As a graduate student in the Virginia Tech College of Agriculture and Life Sciences, Tate is pursuing a Ph.D. in crop and soil environmental sciences at the Tidewater Agricultural Research and Extension Center (AREC) in southeast Virginia, where he works with the Field Crops Agronomy program under the direction of Hunter Frame, associate professor and field crops agronomist.
Although Clemson University had developed an algorithm to determine nitrogen requirements for areas in the Southeast coastal plain, Frame was curious about its accuracy in the upper Southeast coastal plain. Starting in 2020, data was collected from 12 sites in Suffolk, Yale, and Newsoms, Virginia, with three sites sampled per year. These locations represent major cotton production areas in Virginia with diverse growth conditions and soil type — from fine sandy loam, loamy sand, and loamy fine sand.
In the first year, the Clemson algorithm overestimated the nitrogen rate. To better account for environmental changes, the algorithm was adjusted in 2021 and again in 2022 to better gauge the nitrogen response curve for the upper Southeast coastal plain.
After Tate joined the Tidewater AREC team, he took the lead on the project and continued to process data and to adjust and refine the algorithm. As of 2024, the latest formula has an accuracy of over 80 percent, meaning that the team is close to developing a product that can effectively predict nitrogen requirements for cotton.
“There are other algorithms out there, but when applied to the Southeast upper coastal plain, they overpredict the amount of nitrogen that is needed,” said Tate. “This research will be very beneficial to regional cotton famers as they will be able to collect their own NDVI [Normalized Difference Vegetation Index] data and input it into our algorithm and get an instant nitrogen recommendation.”
This research comes with real-life challenges, such as the impact of extreme environmental conditions. Drought or very wet weather during the growing season can skew the accuracy of the algorithm. Adjustments made during data collection are expected to improve accuracy in such situations.
Passionate about integrating technology with science, Tate has a keen interest in geographic information systems (GIS), GPS, and precision ag techniques. In addition to using drones for data collection, Tate also utilizes the technology of handheld crop sensors to collect NDVI data — which measures how healthy and green plants are by analyzing the light they reflect — from research sites at five, six, and seven weeks after planting.
“Brandt was recruited for his GIS experience and knowledge to take the lead on developing a nitrogen prediction algorithm for Virginia cotton producers,” said Frame. “His passion is evident in everything he does and is why he is a leader among the research group.”
Pursuing a Ph.D. is no small feat, but for Tate, the journey has been both challenging and rewarding.

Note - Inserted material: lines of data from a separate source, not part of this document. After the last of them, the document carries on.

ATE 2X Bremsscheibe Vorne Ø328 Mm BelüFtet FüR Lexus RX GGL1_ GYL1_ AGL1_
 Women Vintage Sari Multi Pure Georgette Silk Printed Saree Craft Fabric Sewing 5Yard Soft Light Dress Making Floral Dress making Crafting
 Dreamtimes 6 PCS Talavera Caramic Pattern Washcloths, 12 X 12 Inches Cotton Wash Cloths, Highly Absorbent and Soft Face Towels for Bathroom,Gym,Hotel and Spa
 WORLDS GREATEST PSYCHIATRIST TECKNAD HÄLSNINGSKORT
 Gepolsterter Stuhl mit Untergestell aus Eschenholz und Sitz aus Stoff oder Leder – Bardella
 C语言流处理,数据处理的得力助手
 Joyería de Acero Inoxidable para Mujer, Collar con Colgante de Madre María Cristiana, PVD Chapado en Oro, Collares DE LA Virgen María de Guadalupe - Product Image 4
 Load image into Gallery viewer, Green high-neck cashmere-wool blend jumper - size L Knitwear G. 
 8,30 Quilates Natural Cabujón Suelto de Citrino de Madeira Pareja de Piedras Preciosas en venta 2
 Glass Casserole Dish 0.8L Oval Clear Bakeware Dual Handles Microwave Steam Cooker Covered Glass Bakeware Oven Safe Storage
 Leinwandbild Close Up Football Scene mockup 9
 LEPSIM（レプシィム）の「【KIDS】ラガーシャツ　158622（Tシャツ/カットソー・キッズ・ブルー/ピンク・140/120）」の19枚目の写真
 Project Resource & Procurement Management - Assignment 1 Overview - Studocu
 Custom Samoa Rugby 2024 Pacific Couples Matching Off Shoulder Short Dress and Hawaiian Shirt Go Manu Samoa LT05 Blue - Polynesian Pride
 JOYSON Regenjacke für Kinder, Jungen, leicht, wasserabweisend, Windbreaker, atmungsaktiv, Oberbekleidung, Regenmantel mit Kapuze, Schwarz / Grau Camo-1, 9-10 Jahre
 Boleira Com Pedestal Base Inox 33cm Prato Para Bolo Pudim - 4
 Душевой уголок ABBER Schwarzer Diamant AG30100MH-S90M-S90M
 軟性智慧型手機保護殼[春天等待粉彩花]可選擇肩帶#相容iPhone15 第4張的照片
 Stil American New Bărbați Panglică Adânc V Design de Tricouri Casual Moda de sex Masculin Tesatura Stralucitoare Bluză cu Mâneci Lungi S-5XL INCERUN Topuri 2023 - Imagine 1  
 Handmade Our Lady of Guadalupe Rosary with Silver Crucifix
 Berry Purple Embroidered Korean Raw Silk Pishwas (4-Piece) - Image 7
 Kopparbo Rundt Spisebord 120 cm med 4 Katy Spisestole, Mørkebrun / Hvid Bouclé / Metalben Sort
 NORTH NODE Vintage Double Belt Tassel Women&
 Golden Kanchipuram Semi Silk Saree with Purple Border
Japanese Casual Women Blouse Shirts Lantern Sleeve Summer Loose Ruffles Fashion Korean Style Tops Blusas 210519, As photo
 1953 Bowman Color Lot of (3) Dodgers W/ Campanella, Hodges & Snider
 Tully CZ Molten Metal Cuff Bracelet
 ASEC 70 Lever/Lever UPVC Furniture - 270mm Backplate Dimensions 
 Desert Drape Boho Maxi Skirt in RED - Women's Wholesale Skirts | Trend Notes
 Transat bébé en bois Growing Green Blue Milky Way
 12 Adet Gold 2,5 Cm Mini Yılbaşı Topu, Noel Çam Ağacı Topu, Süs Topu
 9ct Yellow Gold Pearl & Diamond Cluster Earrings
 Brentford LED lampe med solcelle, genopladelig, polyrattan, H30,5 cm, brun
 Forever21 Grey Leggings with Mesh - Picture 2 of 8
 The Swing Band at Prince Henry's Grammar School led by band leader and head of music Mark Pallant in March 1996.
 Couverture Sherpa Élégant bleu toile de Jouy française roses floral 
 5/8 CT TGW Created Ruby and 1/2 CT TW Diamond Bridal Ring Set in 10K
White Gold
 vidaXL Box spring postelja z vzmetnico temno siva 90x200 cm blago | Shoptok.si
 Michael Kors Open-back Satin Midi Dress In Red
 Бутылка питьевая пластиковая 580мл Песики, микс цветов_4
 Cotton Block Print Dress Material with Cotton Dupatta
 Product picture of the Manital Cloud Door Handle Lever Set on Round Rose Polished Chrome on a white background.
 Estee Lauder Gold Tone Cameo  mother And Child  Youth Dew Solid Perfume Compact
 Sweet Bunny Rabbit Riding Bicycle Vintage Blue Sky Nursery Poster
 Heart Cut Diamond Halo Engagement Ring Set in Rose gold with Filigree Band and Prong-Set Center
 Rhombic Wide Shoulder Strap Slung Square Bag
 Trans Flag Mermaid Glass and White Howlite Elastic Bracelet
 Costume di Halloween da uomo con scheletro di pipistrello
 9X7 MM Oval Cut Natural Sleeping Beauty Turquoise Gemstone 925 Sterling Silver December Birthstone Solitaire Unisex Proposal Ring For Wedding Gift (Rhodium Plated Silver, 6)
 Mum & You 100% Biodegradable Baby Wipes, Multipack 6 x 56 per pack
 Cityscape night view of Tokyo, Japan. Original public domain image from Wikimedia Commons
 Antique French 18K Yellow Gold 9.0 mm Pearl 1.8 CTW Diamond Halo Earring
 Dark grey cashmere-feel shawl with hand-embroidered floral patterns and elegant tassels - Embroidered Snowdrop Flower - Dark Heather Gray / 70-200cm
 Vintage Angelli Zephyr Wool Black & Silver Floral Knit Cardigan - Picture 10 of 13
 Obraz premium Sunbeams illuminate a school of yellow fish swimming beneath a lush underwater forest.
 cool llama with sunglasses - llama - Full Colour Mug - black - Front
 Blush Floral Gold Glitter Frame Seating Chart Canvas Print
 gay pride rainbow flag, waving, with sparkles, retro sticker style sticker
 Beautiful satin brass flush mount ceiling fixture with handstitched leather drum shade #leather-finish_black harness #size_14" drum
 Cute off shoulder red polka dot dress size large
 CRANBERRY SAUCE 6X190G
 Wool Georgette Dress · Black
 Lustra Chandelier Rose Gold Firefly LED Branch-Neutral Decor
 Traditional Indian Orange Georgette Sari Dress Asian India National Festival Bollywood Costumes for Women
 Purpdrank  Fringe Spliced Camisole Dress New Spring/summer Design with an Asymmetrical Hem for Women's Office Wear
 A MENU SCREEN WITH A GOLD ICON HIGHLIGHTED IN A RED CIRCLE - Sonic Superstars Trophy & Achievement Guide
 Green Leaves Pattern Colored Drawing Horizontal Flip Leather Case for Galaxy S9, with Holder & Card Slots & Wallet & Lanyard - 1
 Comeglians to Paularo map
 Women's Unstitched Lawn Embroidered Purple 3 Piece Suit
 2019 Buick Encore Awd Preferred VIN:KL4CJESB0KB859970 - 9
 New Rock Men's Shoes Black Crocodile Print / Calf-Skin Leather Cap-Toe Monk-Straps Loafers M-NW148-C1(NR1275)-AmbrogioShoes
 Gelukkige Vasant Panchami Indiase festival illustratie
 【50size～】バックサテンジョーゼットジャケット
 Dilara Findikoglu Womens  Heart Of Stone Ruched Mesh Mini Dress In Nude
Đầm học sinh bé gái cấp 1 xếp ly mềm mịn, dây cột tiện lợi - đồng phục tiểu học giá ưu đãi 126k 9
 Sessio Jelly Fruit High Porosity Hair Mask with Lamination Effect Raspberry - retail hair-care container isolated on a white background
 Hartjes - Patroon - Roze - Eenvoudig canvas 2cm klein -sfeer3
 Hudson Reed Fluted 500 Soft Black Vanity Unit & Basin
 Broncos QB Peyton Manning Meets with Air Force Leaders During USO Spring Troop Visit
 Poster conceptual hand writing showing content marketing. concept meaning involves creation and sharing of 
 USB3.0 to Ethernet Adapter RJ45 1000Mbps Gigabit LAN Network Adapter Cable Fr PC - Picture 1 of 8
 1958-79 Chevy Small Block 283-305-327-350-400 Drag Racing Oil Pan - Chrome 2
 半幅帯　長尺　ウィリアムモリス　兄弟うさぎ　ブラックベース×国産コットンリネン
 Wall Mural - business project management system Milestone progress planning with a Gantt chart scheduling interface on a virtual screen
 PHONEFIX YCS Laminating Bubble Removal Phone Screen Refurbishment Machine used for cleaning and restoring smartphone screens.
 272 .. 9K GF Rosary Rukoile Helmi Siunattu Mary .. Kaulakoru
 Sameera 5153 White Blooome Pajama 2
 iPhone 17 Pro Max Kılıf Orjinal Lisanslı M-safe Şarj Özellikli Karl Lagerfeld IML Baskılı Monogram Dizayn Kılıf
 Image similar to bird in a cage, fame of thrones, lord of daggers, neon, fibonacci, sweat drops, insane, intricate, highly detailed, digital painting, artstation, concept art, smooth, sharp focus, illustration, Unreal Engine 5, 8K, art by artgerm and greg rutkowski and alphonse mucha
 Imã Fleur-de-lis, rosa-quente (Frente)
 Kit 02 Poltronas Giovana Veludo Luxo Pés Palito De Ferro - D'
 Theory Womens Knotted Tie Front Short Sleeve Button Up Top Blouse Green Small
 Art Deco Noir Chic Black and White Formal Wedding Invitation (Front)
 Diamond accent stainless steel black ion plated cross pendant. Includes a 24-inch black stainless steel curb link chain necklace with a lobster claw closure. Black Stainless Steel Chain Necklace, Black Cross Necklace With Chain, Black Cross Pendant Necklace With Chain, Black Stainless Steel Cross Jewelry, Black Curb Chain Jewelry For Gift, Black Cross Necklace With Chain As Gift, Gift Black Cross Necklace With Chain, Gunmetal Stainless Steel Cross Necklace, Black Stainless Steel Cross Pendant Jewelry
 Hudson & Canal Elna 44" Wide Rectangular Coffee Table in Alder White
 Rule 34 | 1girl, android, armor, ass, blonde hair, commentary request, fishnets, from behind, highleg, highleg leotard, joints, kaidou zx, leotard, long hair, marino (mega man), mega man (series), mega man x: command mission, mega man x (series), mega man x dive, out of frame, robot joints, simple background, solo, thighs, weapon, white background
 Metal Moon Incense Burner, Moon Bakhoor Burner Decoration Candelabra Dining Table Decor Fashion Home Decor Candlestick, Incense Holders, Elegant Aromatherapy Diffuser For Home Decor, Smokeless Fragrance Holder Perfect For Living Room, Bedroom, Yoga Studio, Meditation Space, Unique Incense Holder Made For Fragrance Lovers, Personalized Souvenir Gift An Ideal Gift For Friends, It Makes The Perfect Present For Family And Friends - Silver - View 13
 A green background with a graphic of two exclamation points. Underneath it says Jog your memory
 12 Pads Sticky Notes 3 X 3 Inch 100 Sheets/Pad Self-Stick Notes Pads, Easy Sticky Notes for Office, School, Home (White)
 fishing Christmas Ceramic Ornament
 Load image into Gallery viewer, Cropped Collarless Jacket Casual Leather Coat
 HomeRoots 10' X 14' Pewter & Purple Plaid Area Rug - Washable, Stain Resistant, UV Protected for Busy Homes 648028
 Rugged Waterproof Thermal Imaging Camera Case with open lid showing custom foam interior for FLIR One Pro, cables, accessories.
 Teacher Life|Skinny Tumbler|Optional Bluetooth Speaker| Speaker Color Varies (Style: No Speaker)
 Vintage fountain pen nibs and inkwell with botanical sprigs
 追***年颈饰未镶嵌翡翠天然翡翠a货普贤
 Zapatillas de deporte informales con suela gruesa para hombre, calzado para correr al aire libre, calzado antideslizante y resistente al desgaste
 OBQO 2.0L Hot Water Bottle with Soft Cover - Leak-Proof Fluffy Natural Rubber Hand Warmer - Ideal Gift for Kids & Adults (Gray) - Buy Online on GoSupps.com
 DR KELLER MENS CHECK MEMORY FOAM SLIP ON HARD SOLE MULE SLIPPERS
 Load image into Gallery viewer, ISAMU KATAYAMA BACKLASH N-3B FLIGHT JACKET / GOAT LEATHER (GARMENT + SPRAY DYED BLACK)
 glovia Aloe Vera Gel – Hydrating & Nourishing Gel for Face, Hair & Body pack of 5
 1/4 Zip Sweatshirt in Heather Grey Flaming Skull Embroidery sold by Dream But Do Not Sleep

Inspired by a love for academia, agriculture, and a desire to create real change, he has navigated a path filled with rigorous study, influential mentors, and now groundbreaking research.
Tate’s academic journey began in 2015 with an undergraduate degree in environmental and soil sciences from the University of Tennessee at Knoxville. After completing his bachelor’s degree in just three years, he stayed on with the university to earn a master’s degree in the same field, studying land cover changes in Knox County, Tennessee.
A second master’s degree followed at Vanderbilt University with a research focus on the anthropogenic influences on sediment in East Fork Creek, Tennessee.
Now well into his doctoral research, three individuals stand out for Tate as pivotal mentors: his mother, Associate Professor Joanne Logan from the University of Tennessee at Knoxville, and Associate Professor Hunter Frame, his Virginia Tech program advisor.
“Dr. Frame constantly challenges me to think on my feet,” said Tate. “Being able to think critically and take initiative is essential — especially during the most hectic parts of the growing season.”
Looking ahead, Tate hopes to continue working directly with farmers.
After completing his Ph.D. Tate plans to continue using his knowledge and experience to address agricultural challenges, whether through industry or academia.